| Task |
Begin at the line containing "Nature Close-Up Water" in the data below and go on through the line containing "Garlic Butter Potatoes Recipe", repeating each line exactly; include both ends and no other line.

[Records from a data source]
========================

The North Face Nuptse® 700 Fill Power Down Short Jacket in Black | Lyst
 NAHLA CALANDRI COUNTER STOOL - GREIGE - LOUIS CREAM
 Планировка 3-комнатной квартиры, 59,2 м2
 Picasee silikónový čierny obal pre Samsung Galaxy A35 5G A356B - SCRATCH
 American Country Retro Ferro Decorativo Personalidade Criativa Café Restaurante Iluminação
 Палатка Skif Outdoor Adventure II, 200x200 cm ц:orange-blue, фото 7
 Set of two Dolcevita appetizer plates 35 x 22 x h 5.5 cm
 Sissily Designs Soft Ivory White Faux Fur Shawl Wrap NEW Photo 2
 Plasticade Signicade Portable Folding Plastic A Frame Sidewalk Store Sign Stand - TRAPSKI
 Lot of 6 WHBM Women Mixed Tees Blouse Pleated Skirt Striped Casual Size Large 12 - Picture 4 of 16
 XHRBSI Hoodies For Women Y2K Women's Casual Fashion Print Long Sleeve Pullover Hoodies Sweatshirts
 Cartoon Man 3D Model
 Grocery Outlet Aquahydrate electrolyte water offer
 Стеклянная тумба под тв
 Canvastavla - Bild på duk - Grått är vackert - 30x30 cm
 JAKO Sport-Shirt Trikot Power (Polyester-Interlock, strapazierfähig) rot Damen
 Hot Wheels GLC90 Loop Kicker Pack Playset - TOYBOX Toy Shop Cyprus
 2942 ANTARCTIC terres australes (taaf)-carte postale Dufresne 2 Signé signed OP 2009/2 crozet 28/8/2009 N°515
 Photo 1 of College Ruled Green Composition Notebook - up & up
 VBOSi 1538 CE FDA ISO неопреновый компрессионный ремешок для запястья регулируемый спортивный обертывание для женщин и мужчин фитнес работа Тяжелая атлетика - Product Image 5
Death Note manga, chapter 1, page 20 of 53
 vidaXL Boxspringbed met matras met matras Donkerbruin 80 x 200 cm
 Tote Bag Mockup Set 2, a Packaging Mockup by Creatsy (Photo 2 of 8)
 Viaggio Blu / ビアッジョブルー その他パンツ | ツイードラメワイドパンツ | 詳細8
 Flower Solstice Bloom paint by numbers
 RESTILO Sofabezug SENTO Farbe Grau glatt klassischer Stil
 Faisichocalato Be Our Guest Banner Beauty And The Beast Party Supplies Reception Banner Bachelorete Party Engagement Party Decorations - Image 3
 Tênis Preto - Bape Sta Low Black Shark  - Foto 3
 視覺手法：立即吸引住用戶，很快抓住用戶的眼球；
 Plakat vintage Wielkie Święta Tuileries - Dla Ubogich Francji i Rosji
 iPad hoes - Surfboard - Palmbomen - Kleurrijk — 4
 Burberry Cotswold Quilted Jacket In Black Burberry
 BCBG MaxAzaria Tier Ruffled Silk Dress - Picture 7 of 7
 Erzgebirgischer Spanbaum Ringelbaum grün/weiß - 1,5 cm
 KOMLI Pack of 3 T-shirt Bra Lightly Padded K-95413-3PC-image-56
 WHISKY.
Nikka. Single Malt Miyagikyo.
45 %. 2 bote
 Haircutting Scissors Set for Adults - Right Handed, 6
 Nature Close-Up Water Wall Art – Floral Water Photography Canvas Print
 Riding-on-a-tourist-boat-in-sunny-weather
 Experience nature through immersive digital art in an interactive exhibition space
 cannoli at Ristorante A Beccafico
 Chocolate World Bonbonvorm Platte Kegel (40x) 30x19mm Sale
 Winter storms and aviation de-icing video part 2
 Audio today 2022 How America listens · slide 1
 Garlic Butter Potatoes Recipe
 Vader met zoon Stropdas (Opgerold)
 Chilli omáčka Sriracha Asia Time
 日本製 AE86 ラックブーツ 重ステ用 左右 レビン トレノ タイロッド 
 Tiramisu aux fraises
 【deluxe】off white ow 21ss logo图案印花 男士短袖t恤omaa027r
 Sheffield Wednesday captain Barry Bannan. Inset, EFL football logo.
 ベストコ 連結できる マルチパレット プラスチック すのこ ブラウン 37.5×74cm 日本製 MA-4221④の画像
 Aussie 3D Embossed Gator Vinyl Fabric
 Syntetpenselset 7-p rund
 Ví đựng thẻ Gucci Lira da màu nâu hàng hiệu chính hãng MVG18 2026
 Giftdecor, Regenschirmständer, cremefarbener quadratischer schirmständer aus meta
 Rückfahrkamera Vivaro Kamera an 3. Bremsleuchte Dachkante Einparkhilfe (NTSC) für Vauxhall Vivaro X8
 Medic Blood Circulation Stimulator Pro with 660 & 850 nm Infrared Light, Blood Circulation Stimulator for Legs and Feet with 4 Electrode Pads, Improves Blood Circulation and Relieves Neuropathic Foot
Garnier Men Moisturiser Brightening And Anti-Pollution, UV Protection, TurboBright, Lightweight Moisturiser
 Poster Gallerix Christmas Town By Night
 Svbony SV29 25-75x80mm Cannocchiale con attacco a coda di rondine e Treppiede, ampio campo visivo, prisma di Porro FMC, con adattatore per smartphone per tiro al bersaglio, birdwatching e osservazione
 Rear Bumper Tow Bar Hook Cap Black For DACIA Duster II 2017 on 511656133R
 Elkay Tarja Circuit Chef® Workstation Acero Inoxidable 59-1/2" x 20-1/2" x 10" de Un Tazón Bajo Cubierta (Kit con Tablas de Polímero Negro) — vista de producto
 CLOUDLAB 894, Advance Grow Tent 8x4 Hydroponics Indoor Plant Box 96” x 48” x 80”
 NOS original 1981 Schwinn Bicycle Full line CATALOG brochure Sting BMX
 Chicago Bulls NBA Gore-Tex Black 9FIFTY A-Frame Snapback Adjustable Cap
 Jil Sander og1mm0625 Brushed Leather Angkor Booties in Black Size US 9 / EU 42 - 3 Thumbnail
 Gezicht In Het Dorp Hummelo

========================

| Solution to the exercise |
 Nature Close-Up Water Wall Art – Floral Water Photography Canvas Print
 Riding-on-a-tourist-boat-in-sunny-weather
 Experience nature through immersive digital art in an interactive exhibition space
 cannoli at Ristorante A Beccafico
 Chocolate World Bonbonvorm Platte Kegel (40x) 30x19mm Sale
 Winter storms and aviation de-icing video part 2
 Audio today 2022 How America listens · slide 1
 Garlic Butter Potatoes Recipe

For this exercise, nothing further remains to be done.